**Problem description:** Below are records with pictures. Reproduce exactly the lines from the line with "S441.Rumah Classic 2Lantai" to the line with "آویز طلا - طرح بته جقه", inclusive, and leave each picture out.

**Extracted data:**
▼▼▼

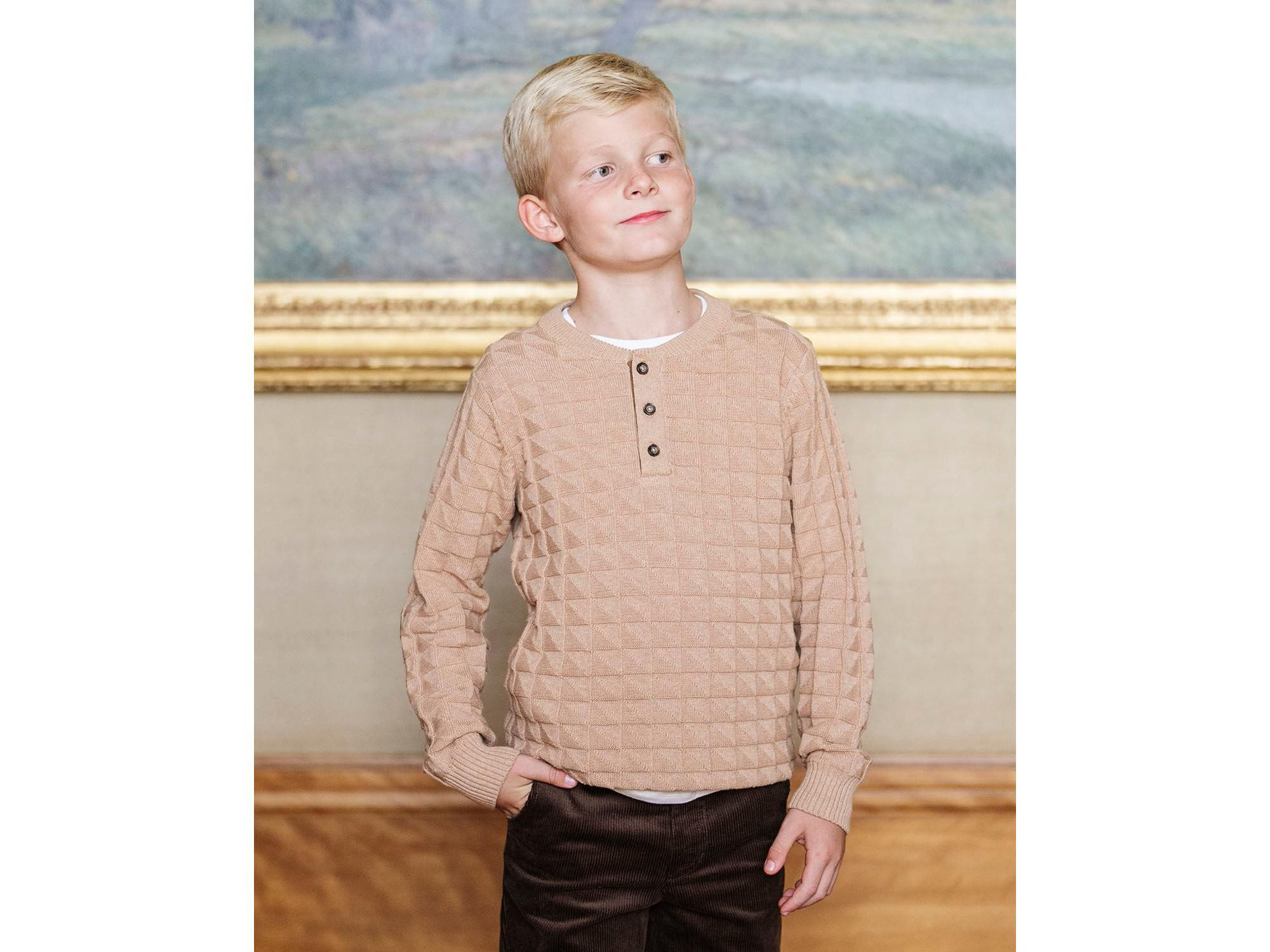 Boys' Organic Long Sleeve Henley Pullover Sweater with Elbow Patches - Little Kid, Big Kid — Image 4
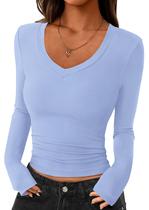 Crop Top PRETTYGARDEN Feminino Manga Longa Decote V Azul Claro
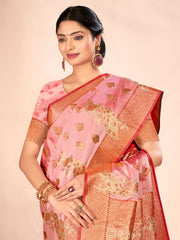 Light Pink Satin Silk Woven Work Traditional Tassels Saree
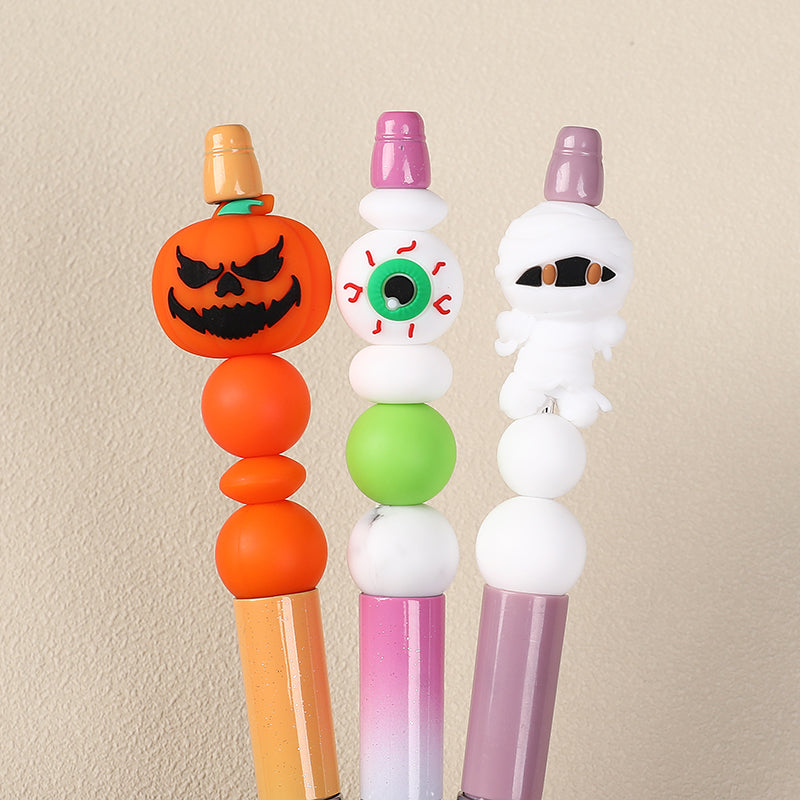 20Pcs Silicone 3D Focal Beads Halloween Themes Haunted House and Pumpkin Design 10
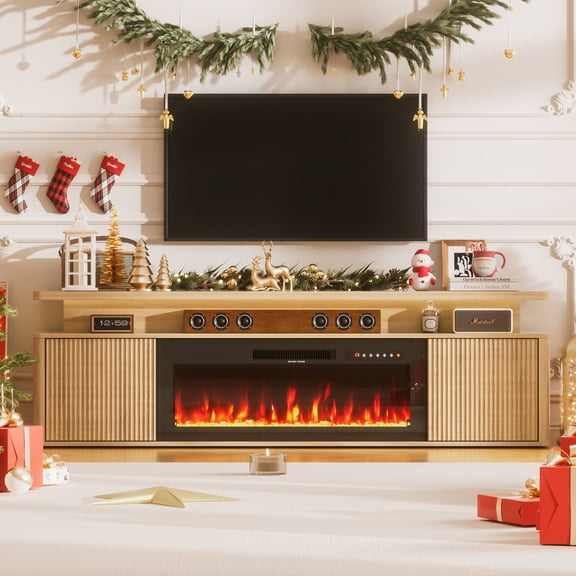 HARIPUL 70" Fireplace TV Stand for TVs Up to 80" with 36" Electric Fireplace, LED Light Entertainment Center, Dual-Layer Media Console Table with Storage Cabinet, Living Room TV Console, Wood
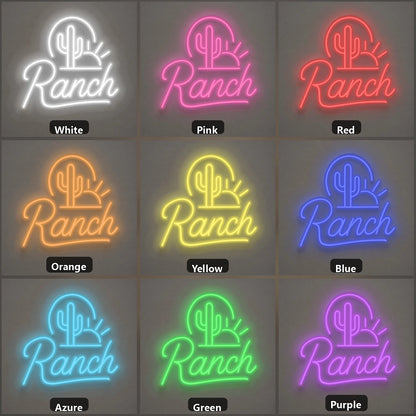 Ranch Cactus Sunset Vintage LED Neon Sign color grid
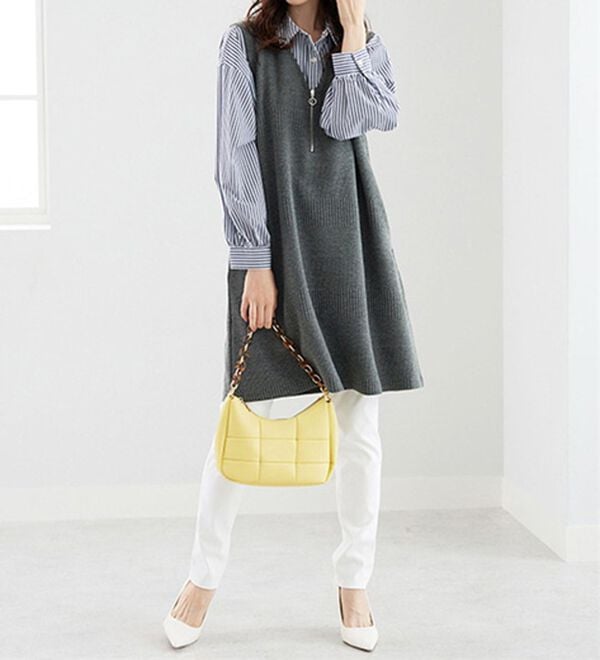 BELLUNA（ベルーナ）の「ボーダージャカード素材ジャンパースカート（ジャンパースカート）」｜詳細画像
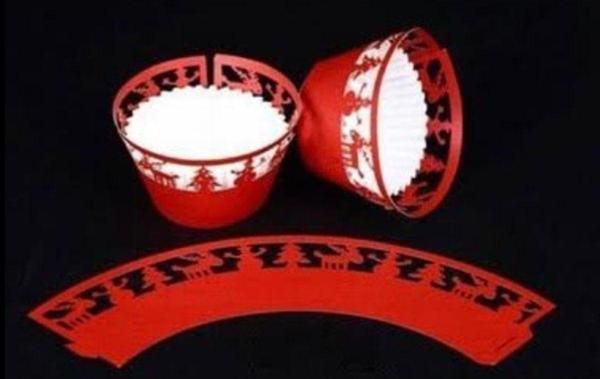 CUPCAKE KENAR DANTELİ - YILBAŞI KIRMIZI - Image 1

▲▲▲
▼▼▼

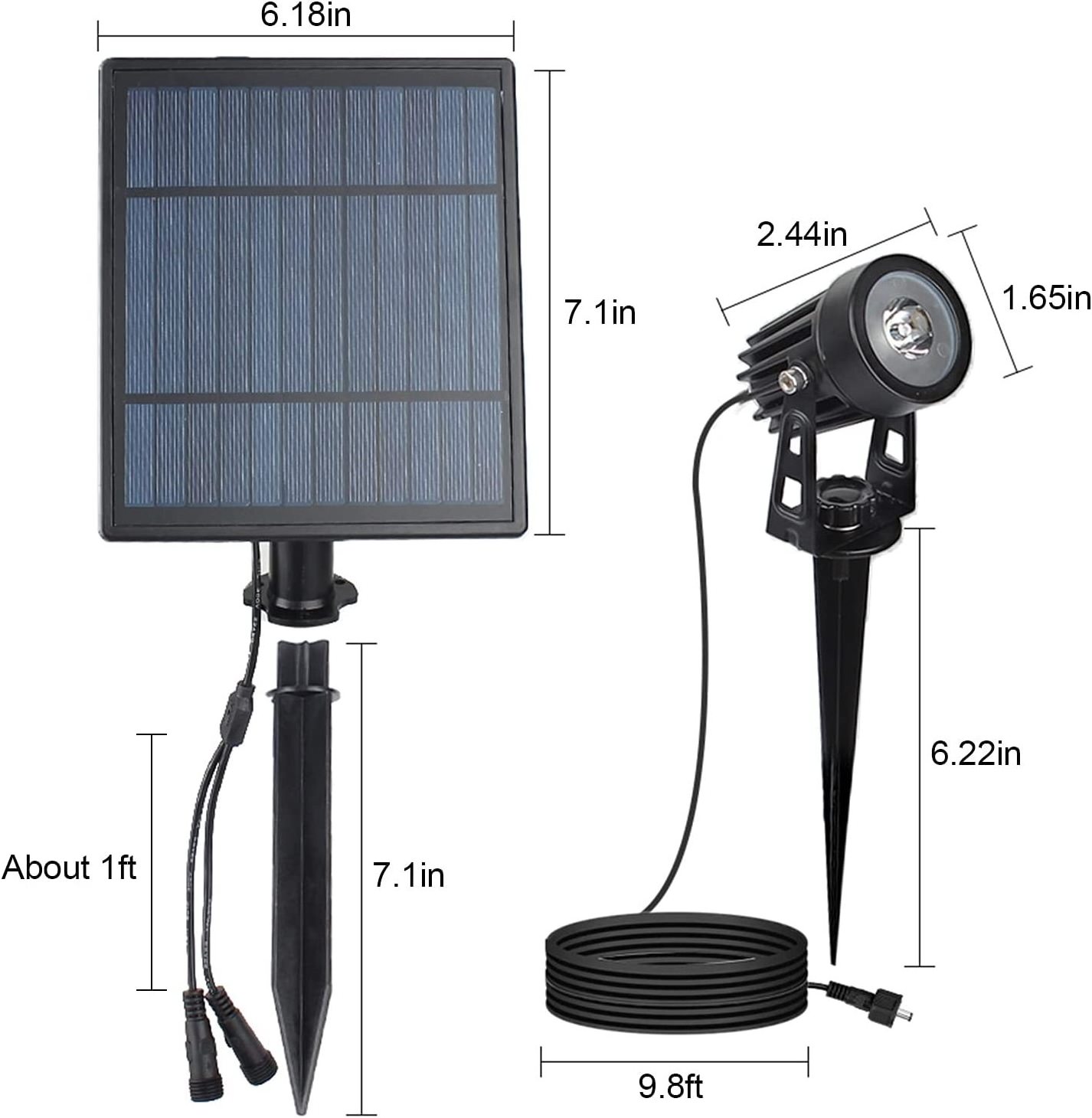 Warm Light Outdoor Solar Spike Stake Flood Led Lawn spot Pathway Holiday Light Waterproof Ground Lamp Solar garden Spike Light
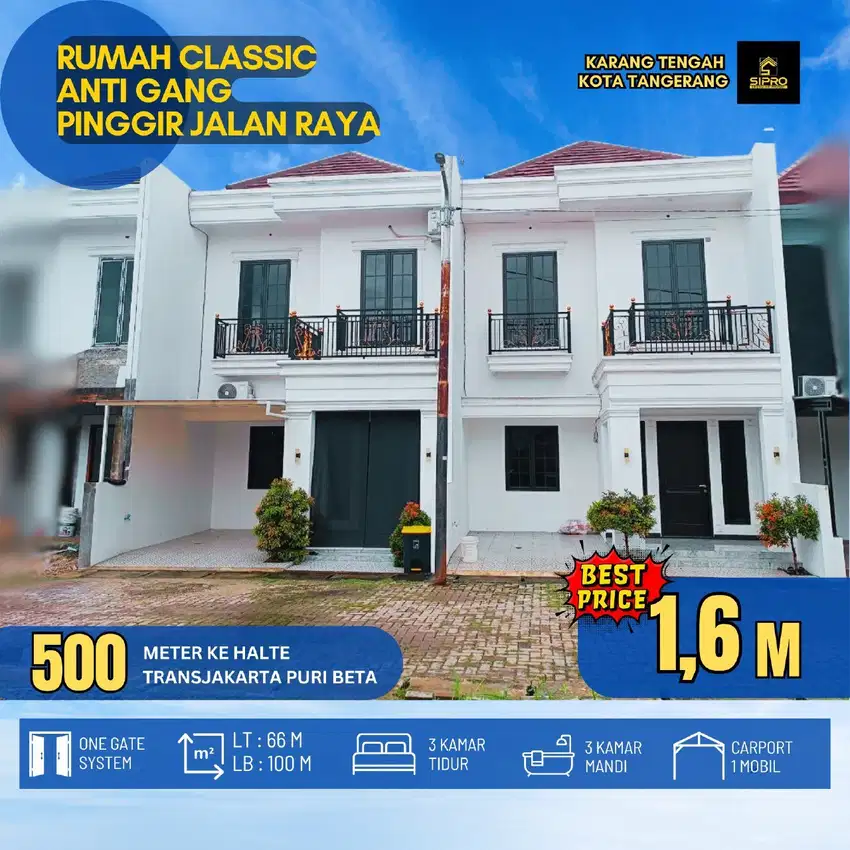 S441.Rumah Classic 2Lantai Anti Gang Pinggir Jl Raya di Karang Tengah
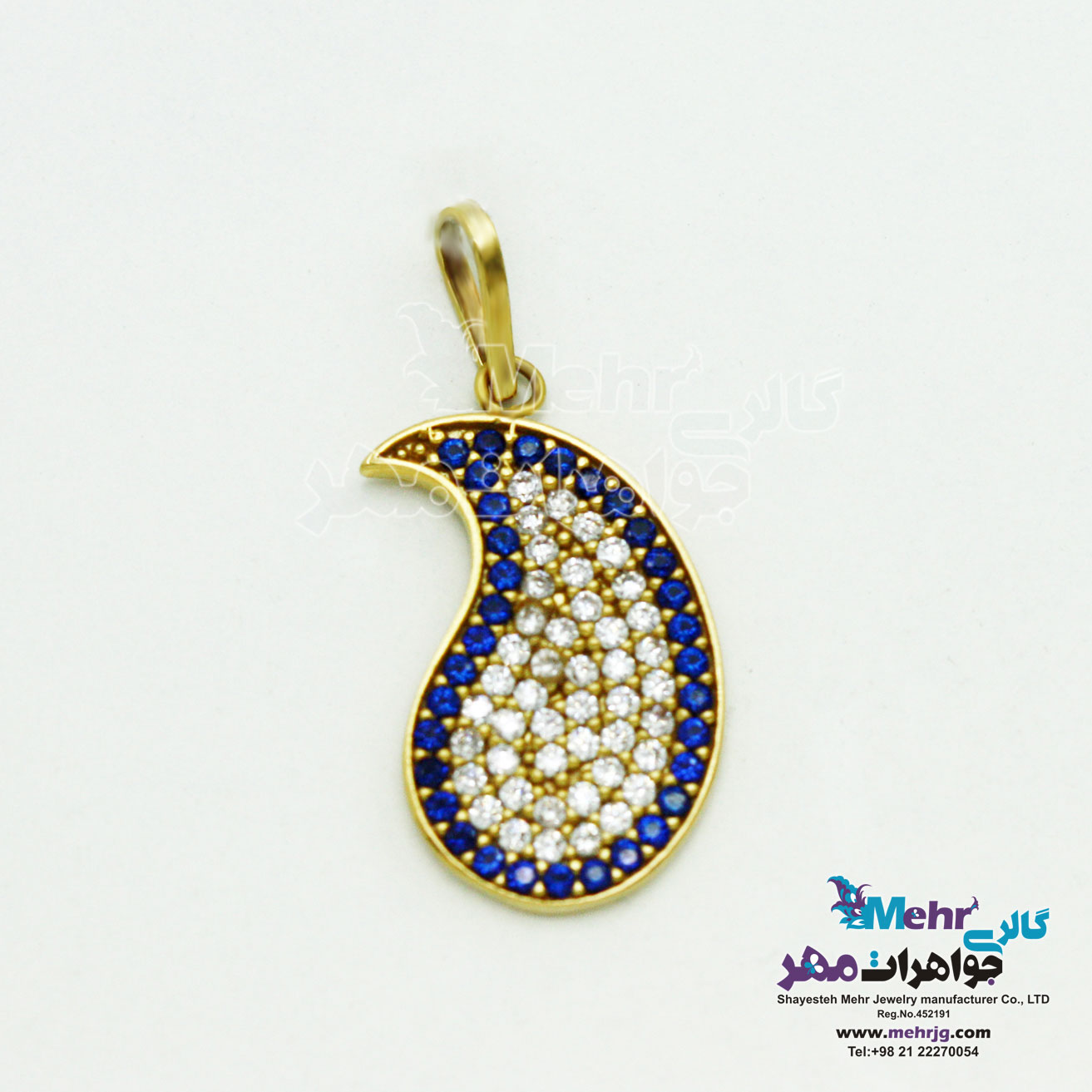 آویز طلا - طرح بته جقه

▲▲▲
▼▼▼

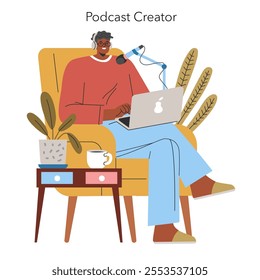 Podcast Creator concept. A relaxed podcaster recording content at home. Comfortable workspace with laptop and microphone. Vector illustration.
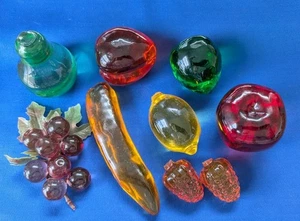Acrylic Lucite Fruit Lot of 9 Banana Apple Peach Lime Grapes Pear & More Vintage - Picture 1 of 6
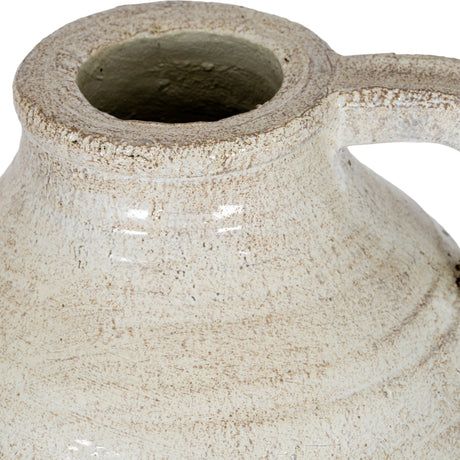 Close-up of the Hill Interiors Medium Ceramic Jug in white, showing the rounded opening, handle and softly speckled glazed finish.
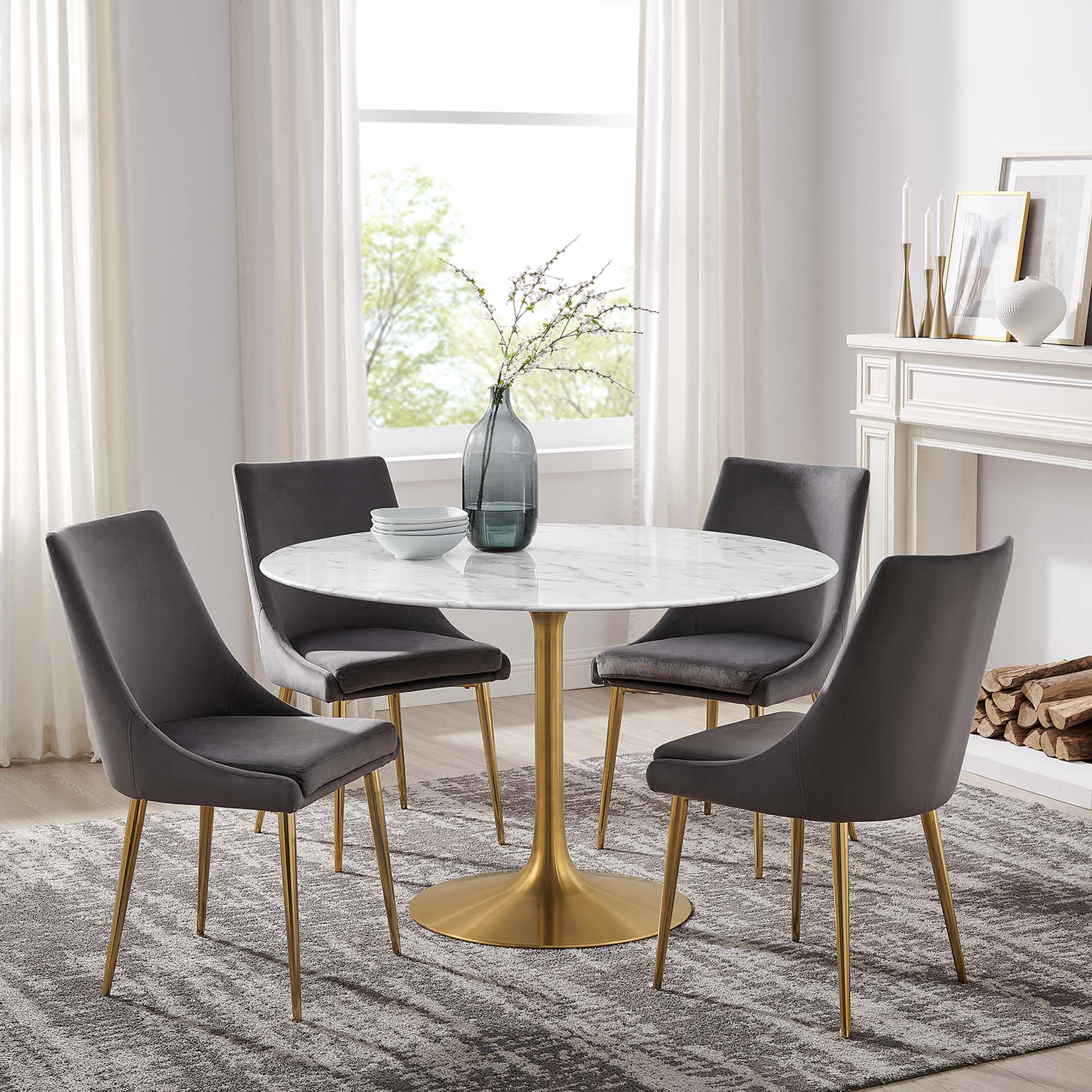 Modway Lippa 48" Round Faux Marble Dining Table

▲▲▲

**Written reply:**
 S441.Rumah Classic 2Lantai Anti Gang Pinggir Jl Raya di Karang Tengah
 آویز طلا - طرح بته جقه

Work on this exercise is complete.